Based on the spectrum plot before and the acf plot of the residuals above, we find the period of 3 hours is reasonble. Other period candidates are roughly the harmonic of period of 3 hours, which means it is the base of periods of 6, 12, and 24 hours. For simplicity, we fix ARIMA part as ARIMA(1,0,1) first and then study the seasonality part.

\[\Phi(B^3)\phi(B)(Y_n - \mu - \beta_1 \times TEMP - \beta_2 \times RAIN - \beta_3 \times WSPM) = \Psi(B^3)\psi(B)\epsilon_n\] Where \[\phi(x) = 1-\phi_1 x\] \[\psi(x) = 1+\psi_1 x\] \[\Phi(x) = 1-\Phi_1 x - \cdots -\Phi_p x^p\] \[\Psi(x) = 1+\Psi_1 x + \cdots +\Psi_q x^q\] \(B\) is the backshift operator, \(\{\epsilon_n\}\) is an independent Gaussian white noise process.

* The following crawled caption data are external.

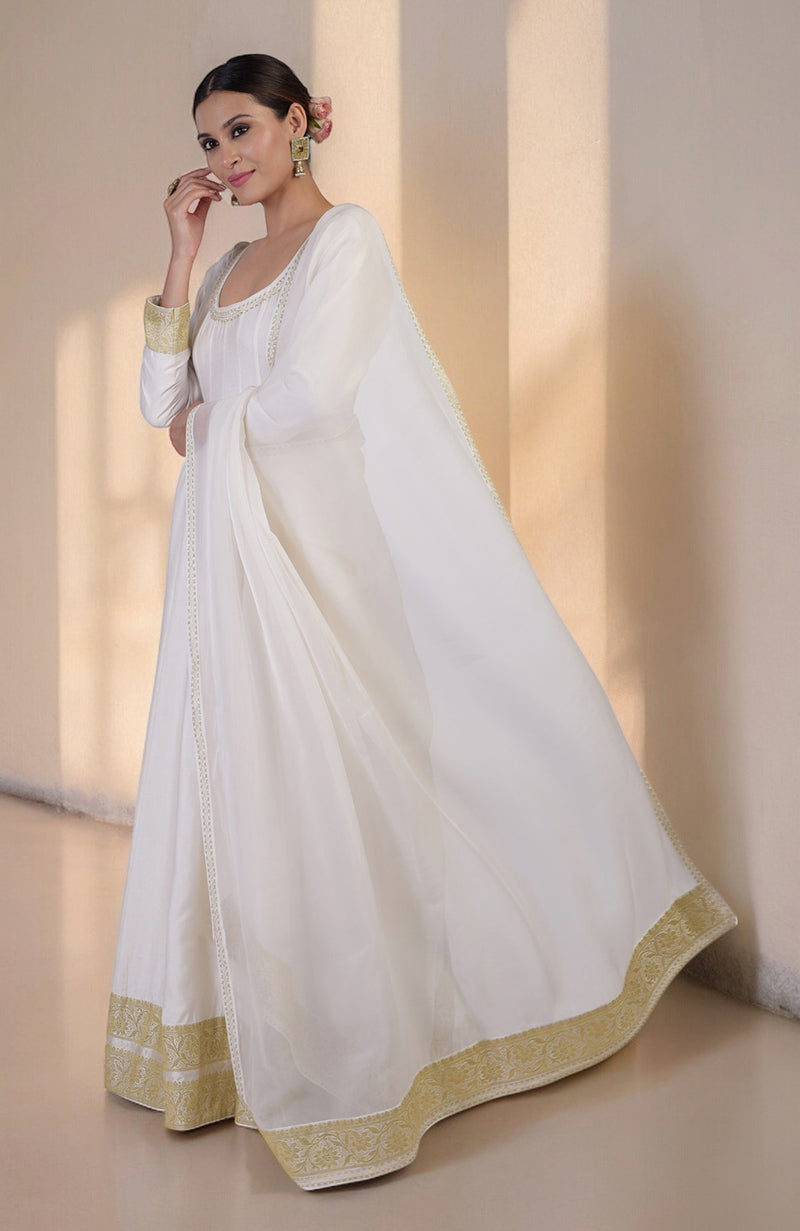 Ivory gold Banarasi handwoven Anarkali set with a matching dupatta and churidar.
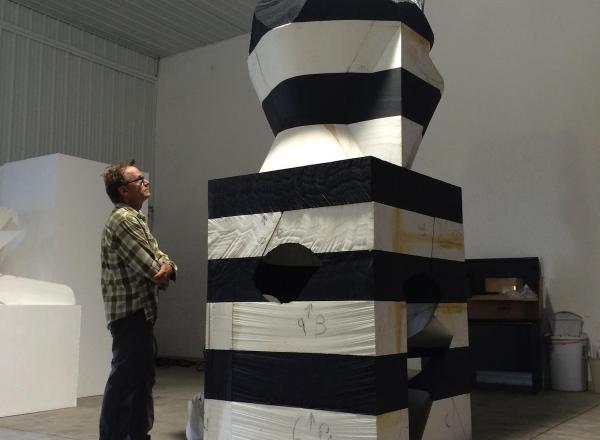 Portrait of Mel Kendrick with his artwork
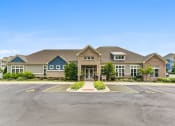 Thumbnail 14 of 15 - a large house with a parking lot in front of it
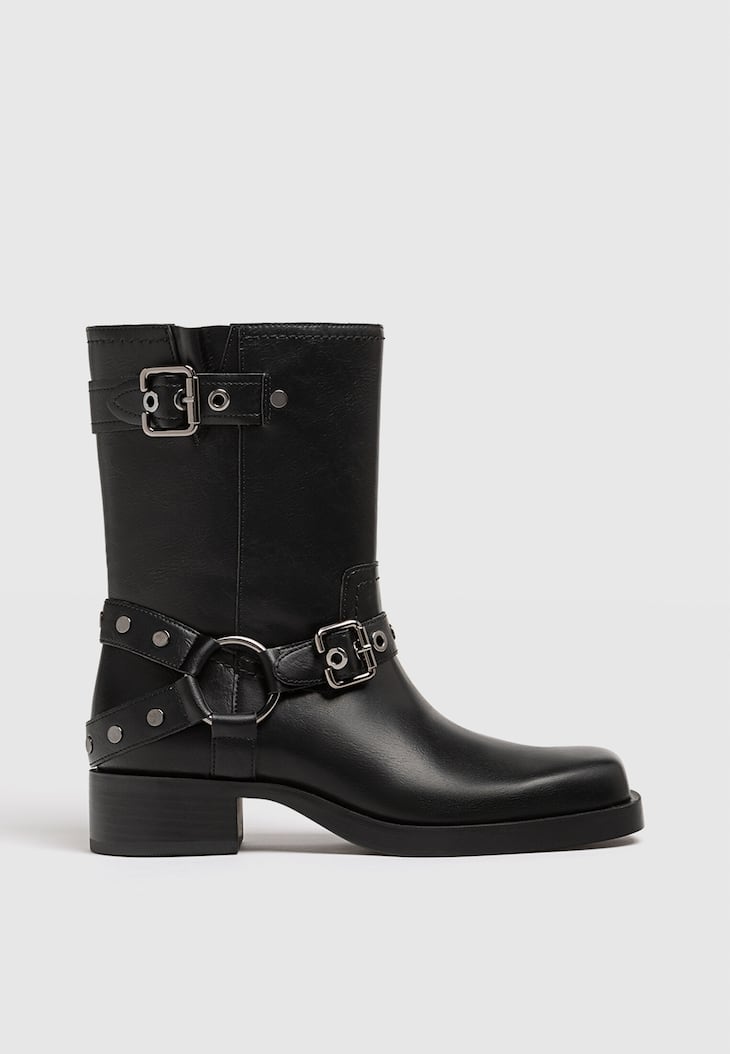 Botas de cano curto estilo motociclista, sem salto, com detalhes de fivela.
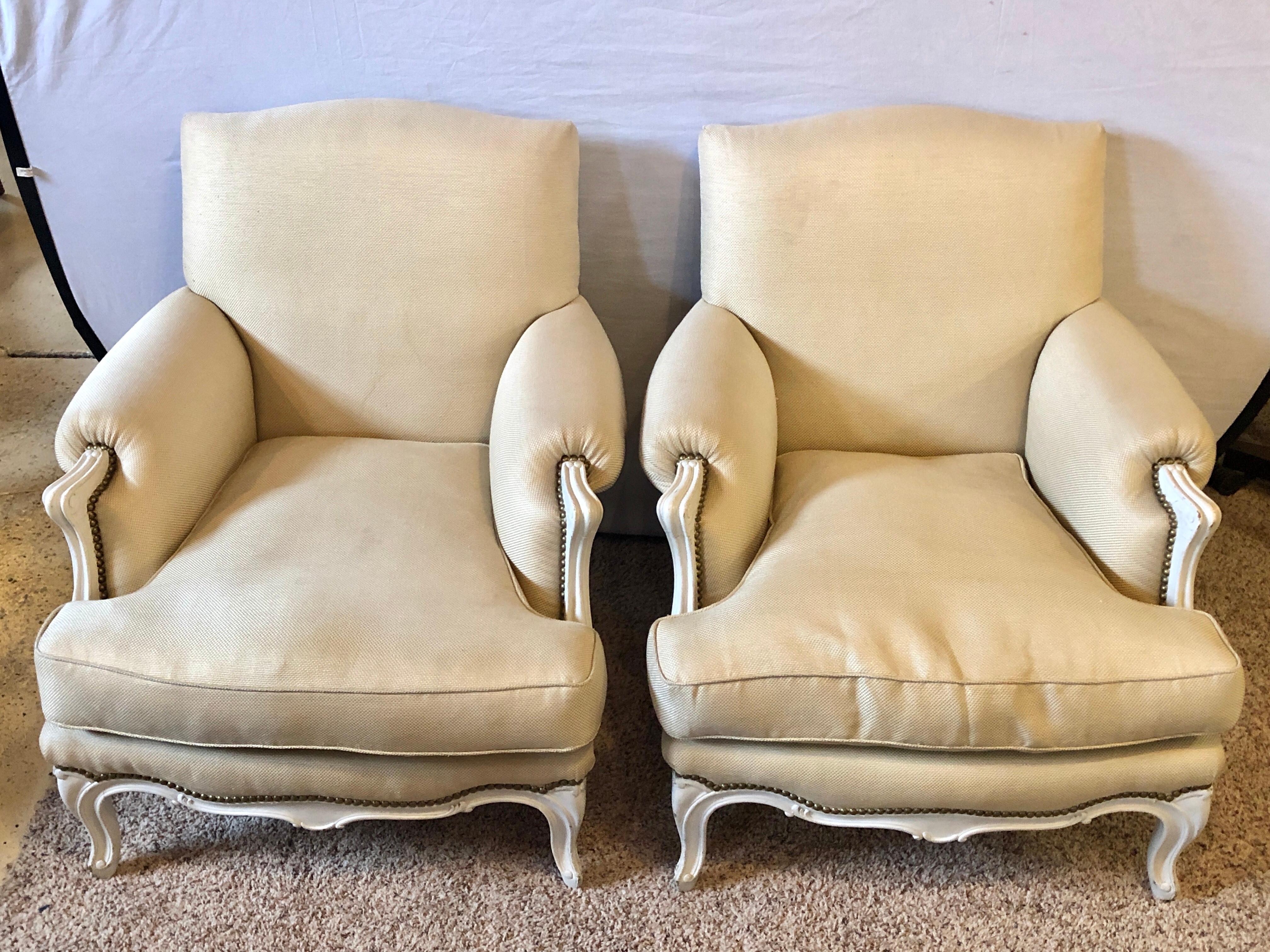 A pair of Hollywood Regency Louis XV style linen covered bergere / armchairs each having comfortable down cushions. The pair having paint decorated frames in a lovely fabric that is fully tacked on all sides and the back.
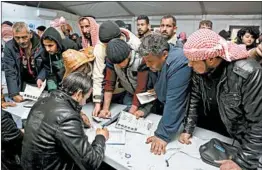 ?? RAAD ADAYLEH/AP ?? Syrian refugees register Sunday at an employment office in the Azraq refugee camp.
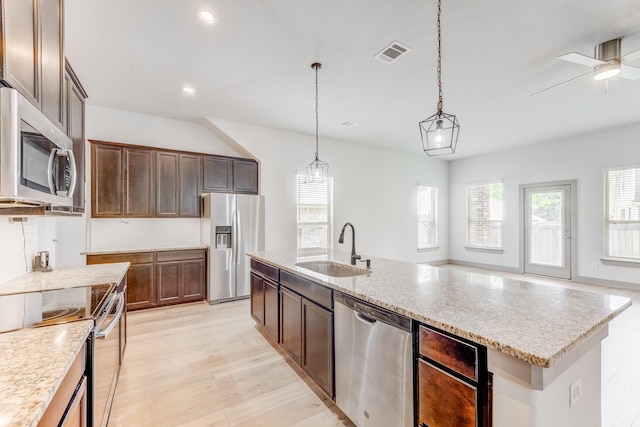 11913 Mockingbird Ln, Montgomery, TX 77356 - kitchen featuring stainless steel appliances, a sink, light wood-style floors, ceiling fan, and decorative light fixtures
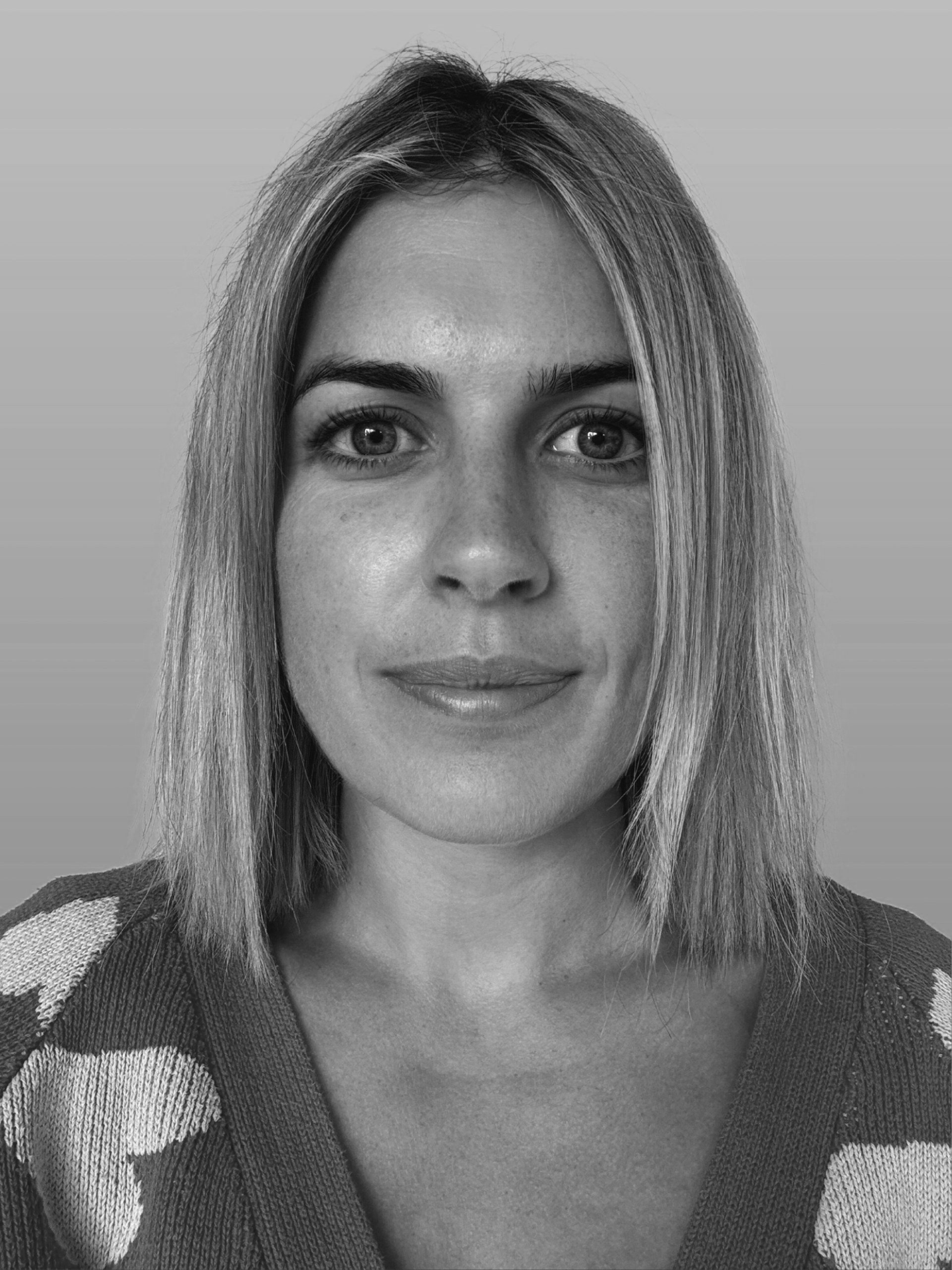 Black and white portrait of a woman with medium-length straight hair, wearing a patterned top, looking directly at the camera.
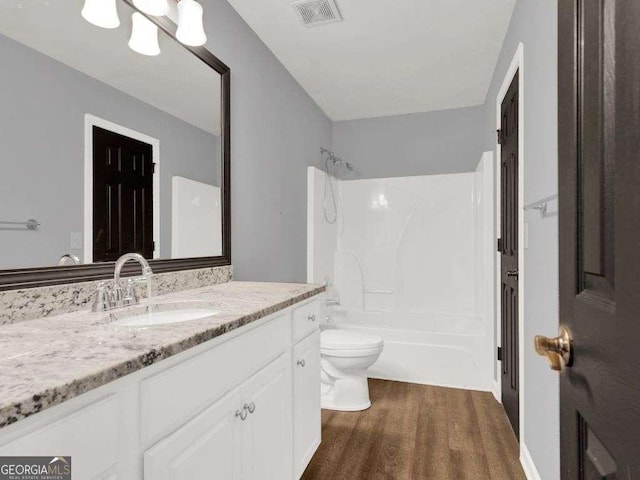 full bathroom with shower / bathing tub combination, vanity, wood-type flooring, and toilet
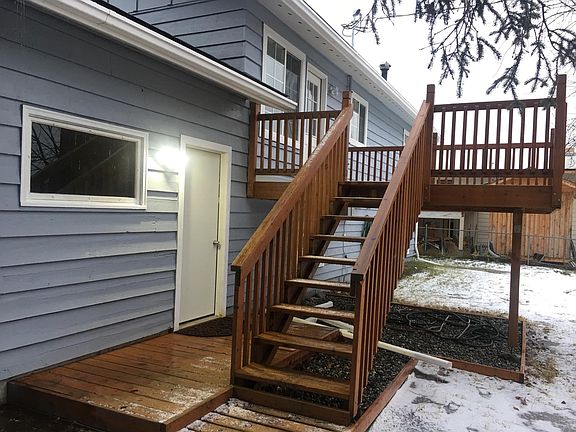 back of the house deck with stairs and back of garage door and deck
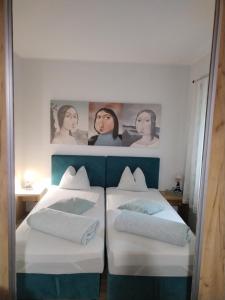 Dos camas en una habitación con retratos en la pared. en Centar Novi Sad-Apartman No 1 PARKING ON REQUEST, en Novi Sad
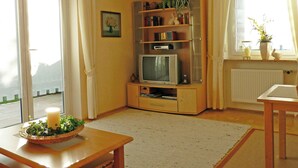 A living room with a television, bookshelf, and a window with curtains. - Ferienwohnung Lehmann 58 qm, Erdgeschoss, mit Terrasse und Separatem Schlafzimmer (Bad Endorf)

After then, we create AIC table with respect to seasonality part. we find model SARIMA\((1,0,1)\times(2,0,2)_3\) with the lowest AIC.

SMA0 SMA1 SMA2 SMA3 SMA4
SAR0 481.5911 483.1921 484.5738 485.1345 484.6664
SAR1 483.2210 485.0843 486.2798 485.4085 483.9058
SAR2 484.3961 486.0549 479.4858 487.3742 485.9078
SAR3 484.9277 480.9422 482.3747 483.7473 481.7220
SAR4 484.7496 484.7003 486.5044 481.5281 483.4694

From the sample ACF plot below, we notice that autocorrelations are much smaller than those in above two ACF plots but there is still a non-negligible autocorrelation at a lag of about 11 and heavy tailes still exist.

The hypothesis is shown as follows: \[H_0: \Phi_1 = \Phi_2 = \Psi_1 = \Psi_2 = 0\] \[H_a: \mbox{They are not all zero}.\]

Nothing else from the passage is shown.